There are three main types of satire: Horace, Juvenal and Menippea. While each type is distinct from the other in some factors, any satire can contain elements of all three. Horace’s satire teases softly, Juvenal aims to destroy and provoke, and Menippea spreads his mental barbs on a wide number of targets. These types are not to be confused with the different satirical devices, such as wit, sarcasm and irony.

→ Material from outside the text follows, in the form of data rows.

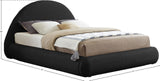 Rudy Contemporary Plush Faux Shearling Fabric Bed with Rounded Headboard for Modern Bedrooms
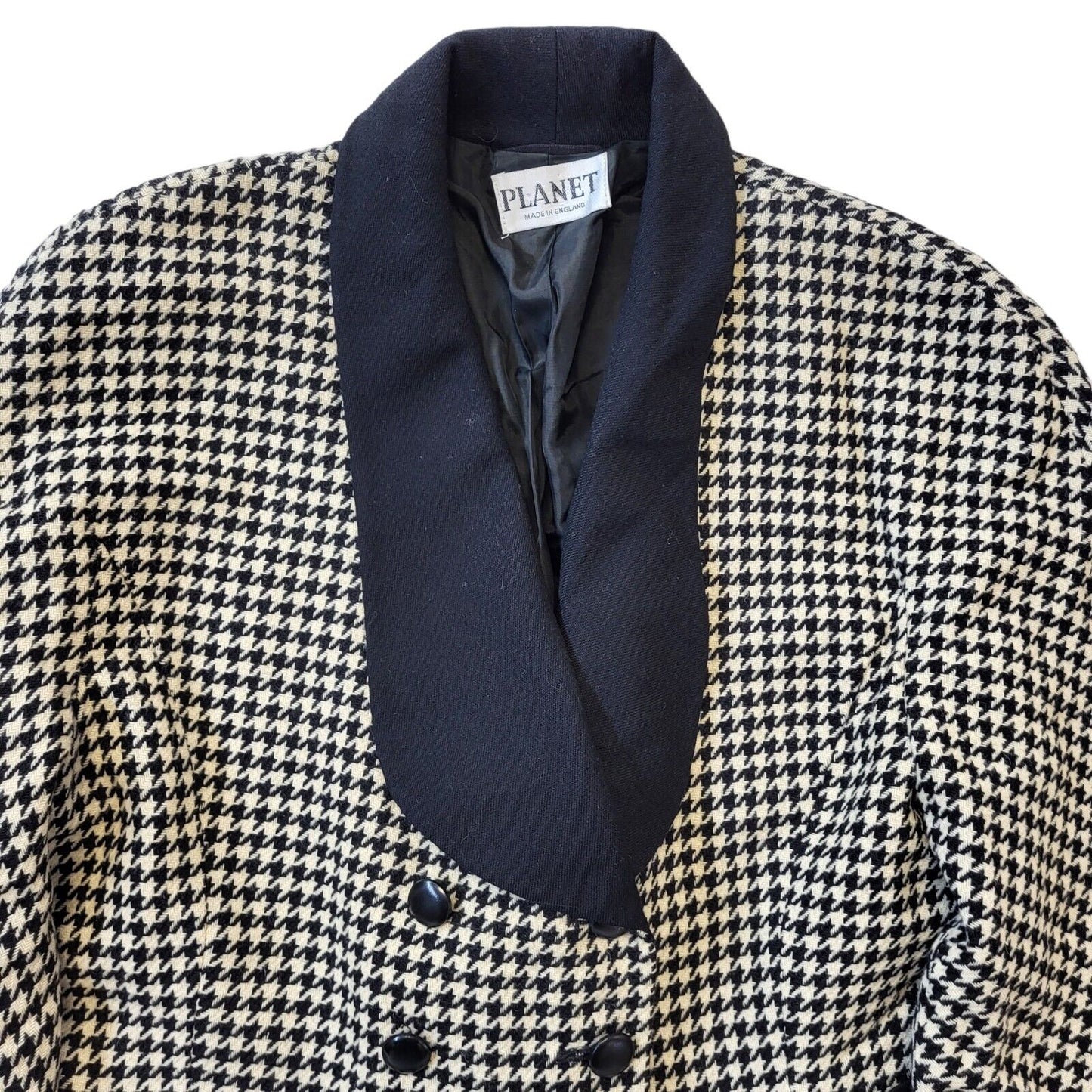 Planet 80s Vintage Black & White Blazer Jacket Women Jacket Size 14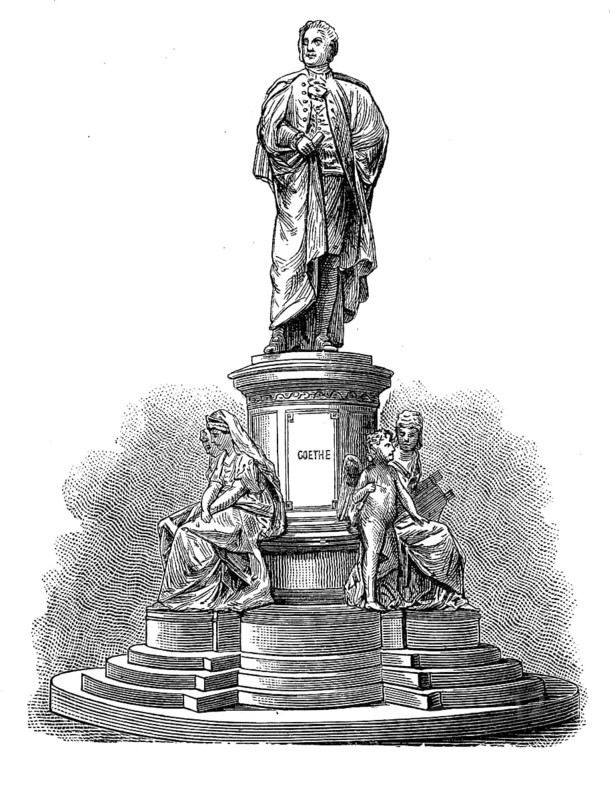Statue of Goethe by Fritz Schaper, in Berlin, Germany, in 1880, Historical, digital reproduction of an original from the 19th century, Europe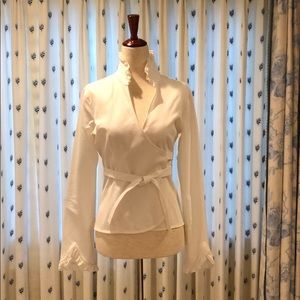 Anne Fontaine “Aimy” White Wrap Blouse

Horace’s satire is the kindest of the types of satire. It doesn’t aim to find the bad in things; instead, it is done from a warm, almost loving point of view. The emphasis is on humor and making fun of human dysfunction. While the subject of amusement may be social vices, it is usually an individual’s follies that are made fun of. A key element of Horace’s satire, unlike most other types, is that the audience also laughs at itself and at the subject of the mockery.
A good example of Horace’s satire is the works of Jane Austen. Her novels, such as Pride and Prejudice, are mild mockery of the gothic novels produced by other female writers her age. In Pride and Prejudice, she turns her Horatian satire on people and how they are viewed by the rest of society. This includes Mr. Darcy’s noble landowner, William Collins’ priest, and soldiers like George Wickham.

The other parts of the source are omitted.